Councillor renews calls for judicial inquiry into Ottawa's LRT project
An Ottawa LRT car is on the track for the first time since the Sept. 19 derailment. (Jeremie Charron/CTV News Ottawa)
OTTAWA -- Coun. Catherine McKenney is renewing calls for a judicial inquiry into Ottawa's light rail transit system.
Two weeks after council voted to ask the auditor general to look into the LRT contract and system, McKenney gave notice of motion to present a new motion for debate at the Nov. 10 council meeting.
McKenney's motion asks the Chief Justice of the Supreme Court of Ontario to designate a judge to conduct an inquiry in two stages.
The first stage would look at all records and documents necessary to investigate and understand the facts and sequences of events from 2012 to the present regarding the approvals, development, costs, timelines and operation of the city's LRT system.
The second stage would conduct public hearings into the matters "designated in accordance with the principles of fairness, thoroughness, efficiency and accessibility."
McKenney's motion notes an auditor general's investigation into the LRT contract would be done behind closed doors.
"The residents of Ottawa both require and deserve to know by way of an independent, open and transparent public process the complete truth of how and why the LRT transit system became the largest, flawed capital project," said McKenney.
The Somerset Councillor asked the City Clerk whether the motion was in order, but Mayor Jim Watson said the clerk would rule at the next meeting on Nov. 10.
Council was set to debate McKenney's motion to call a judicial inquiry on Oct. 13, however, coun. Glen Gower moved a replacement motion recommending the city of Ottawa's auditor general examine the contract. Council voted 14 to 9 in support of the AG investigation.
Coun. Diane Deans suggested the mayor and councillors who opposed an inquiry are hiding something.
"What are you hiding? Why wouldn't you want to get to the bottom of this mess that is LRT? Why wouldn't you? To me there is only one reason, because you have something to hide. And this audit will make sure that what you have to hide never gets out in the public because the auditor can't investigate you," said Deans, who seconded McKenney's new motion for a public inquiry.
Coun.

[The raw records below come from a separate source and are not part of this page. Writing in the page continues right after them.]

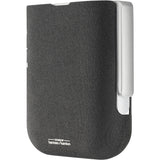 Viewsonic Smart LED tragbarer Projektor mit Harman Kardon Lautsprechern (Schwarz, HDMI, Audio, WLAN, Bluetooth)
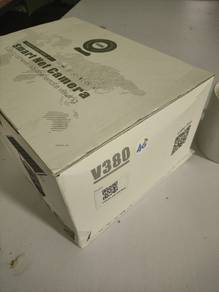 CCTV Solar 4g + 64gb memory
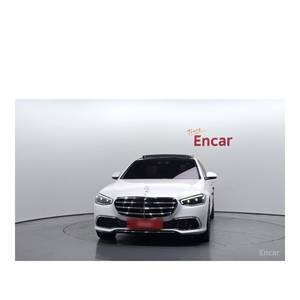 Mercedes-Benz Clase S S450L 4MATIC 2023, 37,862 km, Caja de Cambios Automática, Asientos de Cuero con Cámara Trasera, Volante a la Izquierda - Product Image 3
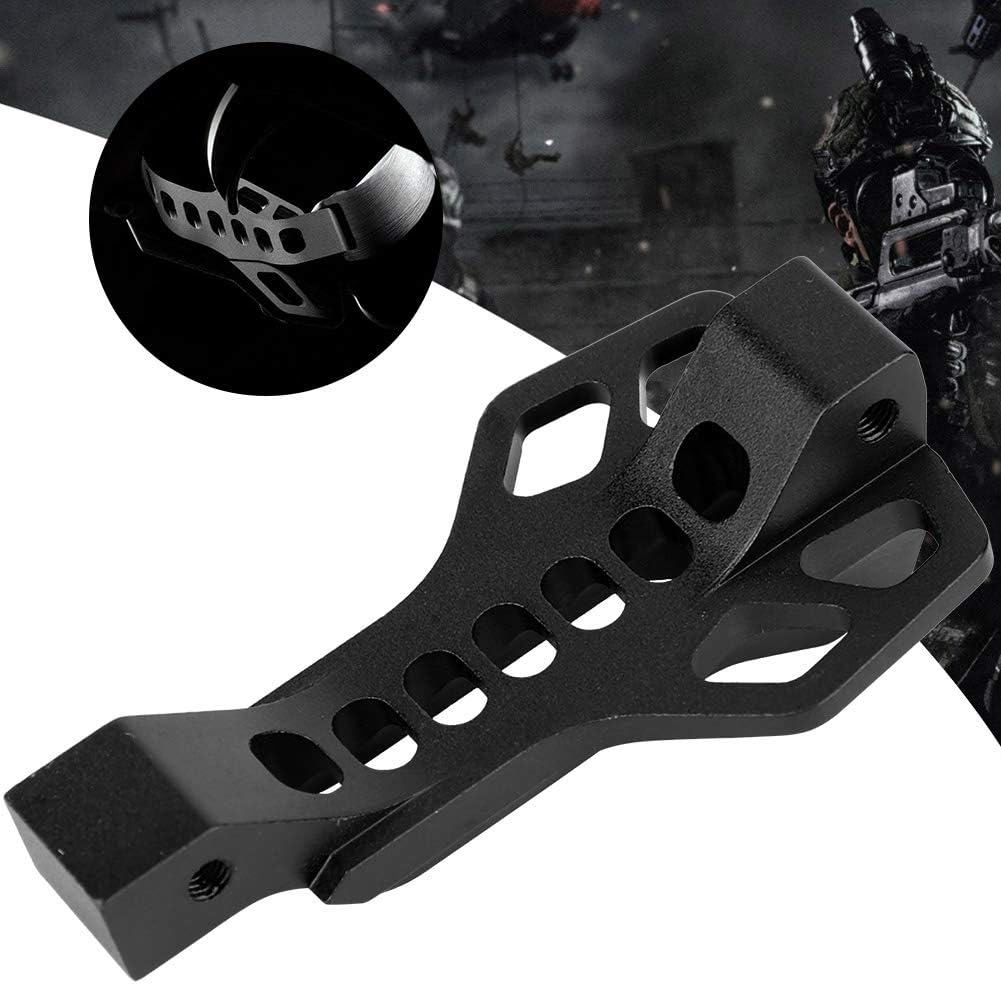 AR 15 Trigger Guard The Ultimate Guide for Enhanced Shooting Accuracy News Military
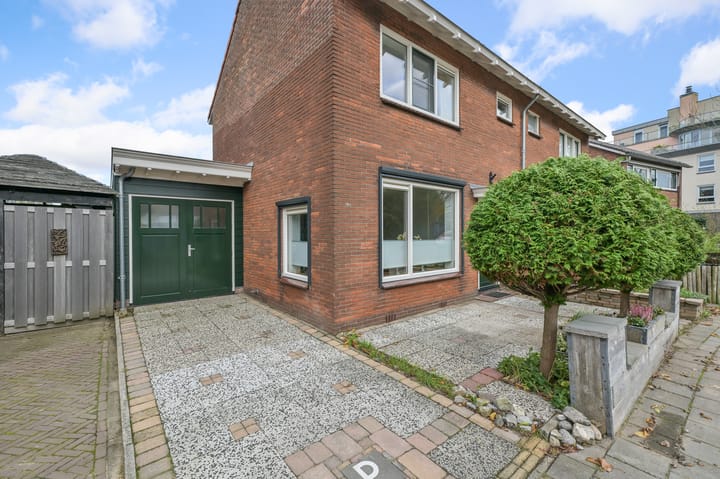 Foto 32 van Kerkstraat 8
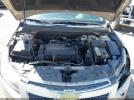Chevrolet Cruze Ls Auto Image 8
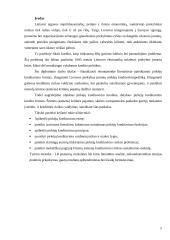Pirkėjų kreditavimo sistemos formavimas įmonėje 5 puslapis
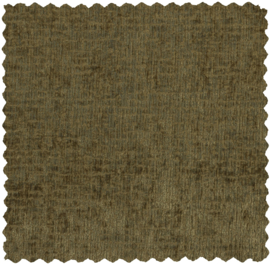 378655-BO | Statement hoekbank rechts - structure velvet bonsai | WOOOD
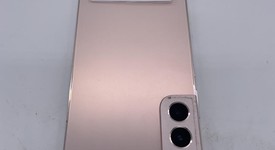 Good
													Samsung Galaxy S22 Plus - Verizon, Rose Gold, 128 GB, 8 GB, SM-S906U, photo 3 of 9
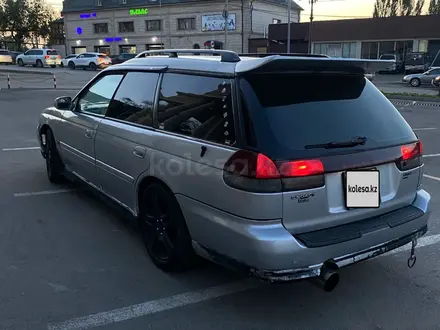 Subaru Legacy 1995 года за 1 780 000 тг. в Алматы – фото 4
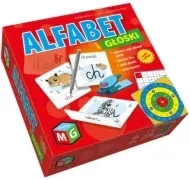 Alfabet i głoski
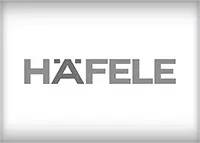 Hafele Logo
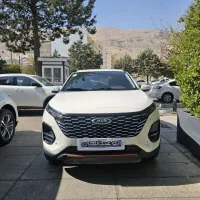 ام وی ام X33 کراس دنده ای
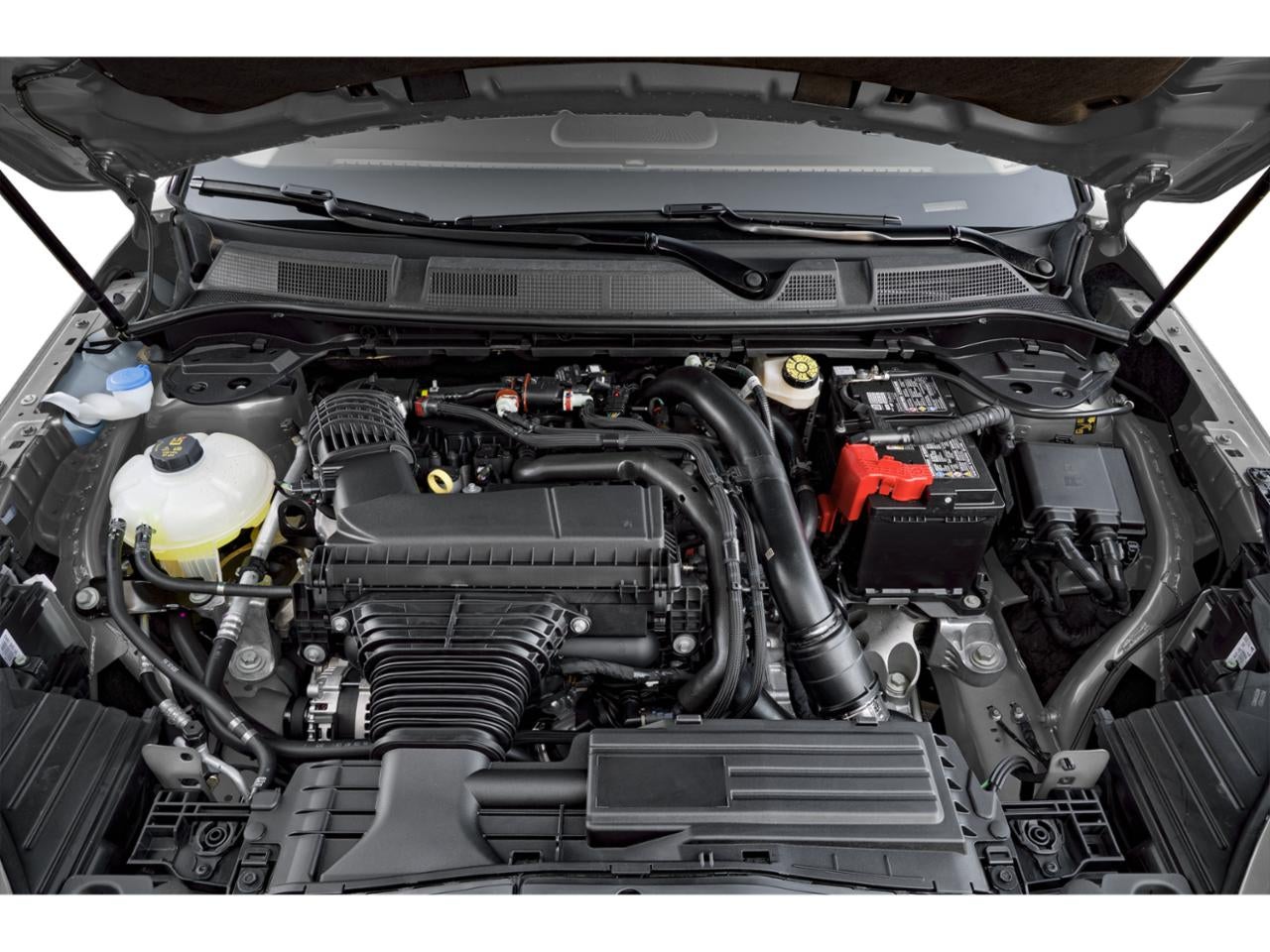 2025 Lincoln Corsair Premiere FWD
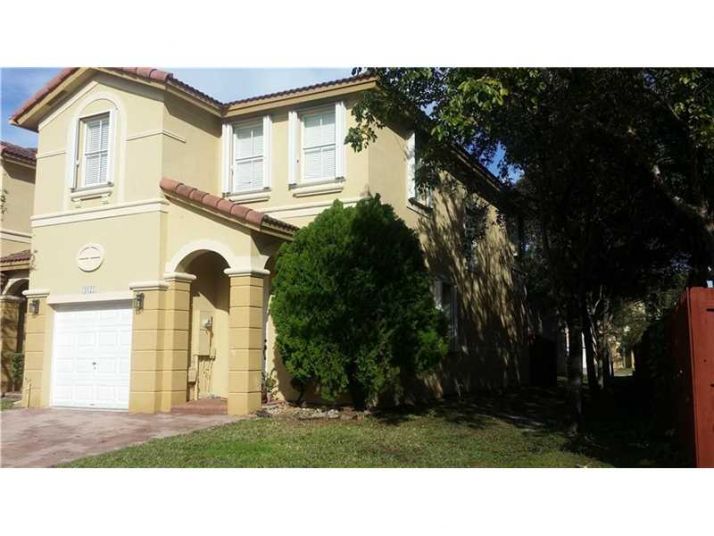 8123 NW 107th Path # 8123, Miami, FL 33178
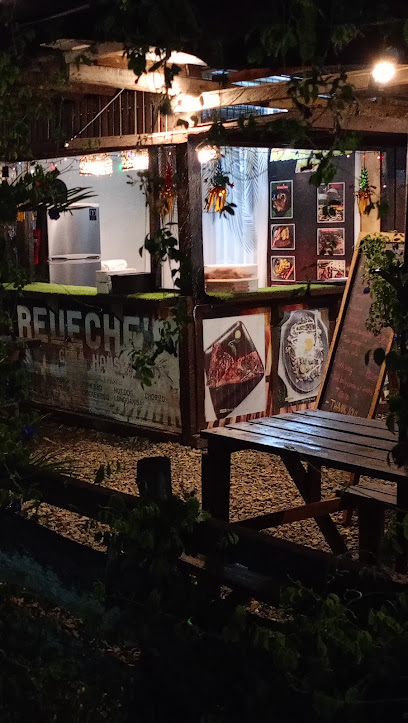 Cebu Business Directory - Reveche's Grill Haus - Photo 1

Carol Anne Meehan is calling on city staff to conduct a side-by-side comparison of the Confederation Line with construction on the Trillium Line.
SNC Lavalin, one of the partners of Rideau Transit Group, is also part of TransitNEXT, designing and building the line from Bayview Station to Riverside South.
Meehan presented a motion asking the city manager and director of rail construction to provide a detailed side-by-side comparison of the challenges faced on the Confederation Line with the technical design on the Trillium Line to provide additional background information on the Trillium Line design and construction.
The motion was referred to the meeting of the finance and economic development committee meeting in December.